• [WHAT THE TASK REQUIRES]
Apart from the pictures, print the data below exactly as given.

• [PROVIDED DATA]

================================

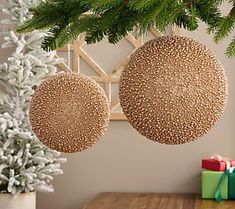 two ornaments hanging from the ceiling next to a christmas tree with presents under it on a wooden table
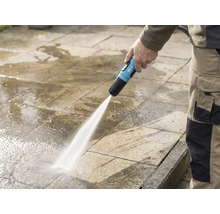 Osoba čistí kamennou terasu zahradní hadicí for_q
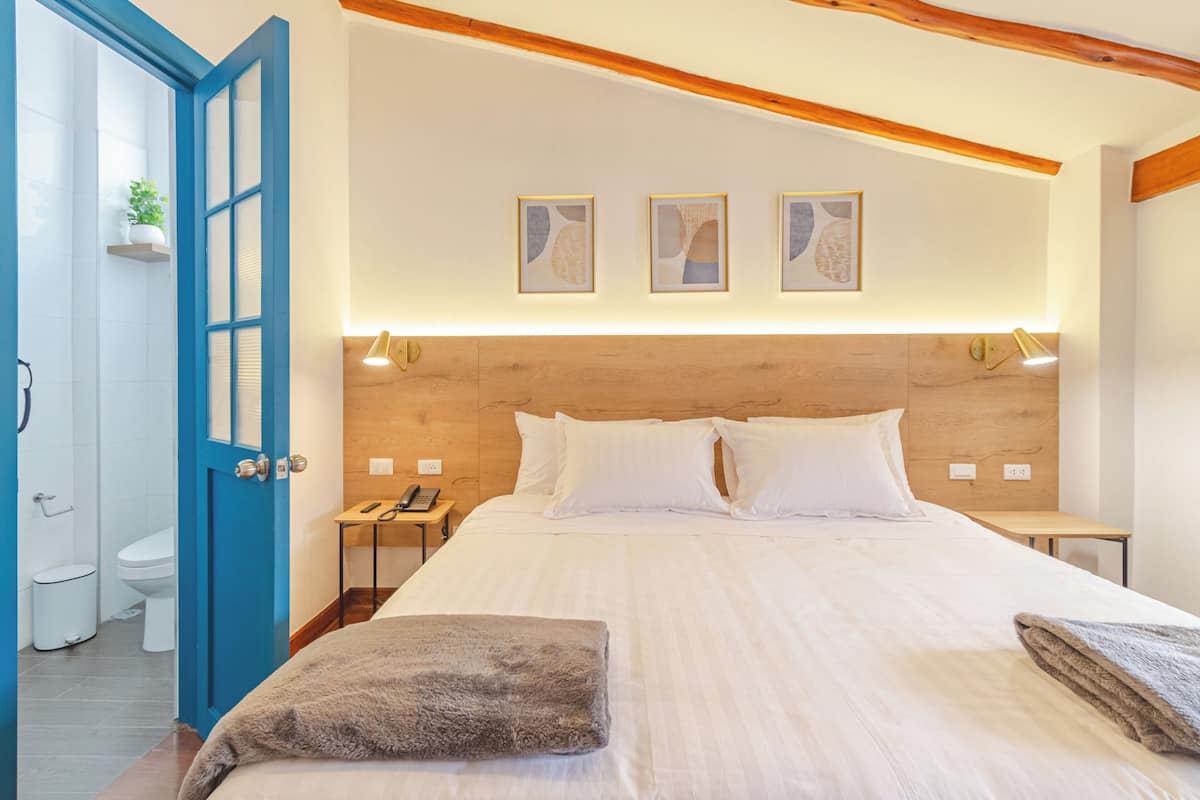 Quarto com cabeceira de madeira, roupa de cama branca, mesa de cabeceira com abajur e uma obra de arte na parede.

================================

• [WRITTEN ANSWER]
 two ornaments hanging from the ceiling next to a christmas tree with presents under it on a wooden table
 Osoba čistí kamennou terasu zahradní hadicí for_q
 Quarto com cabeceira de madeira, roupa de cama branca, mesa de cabeceira com abajur e uma obra de arte na parede.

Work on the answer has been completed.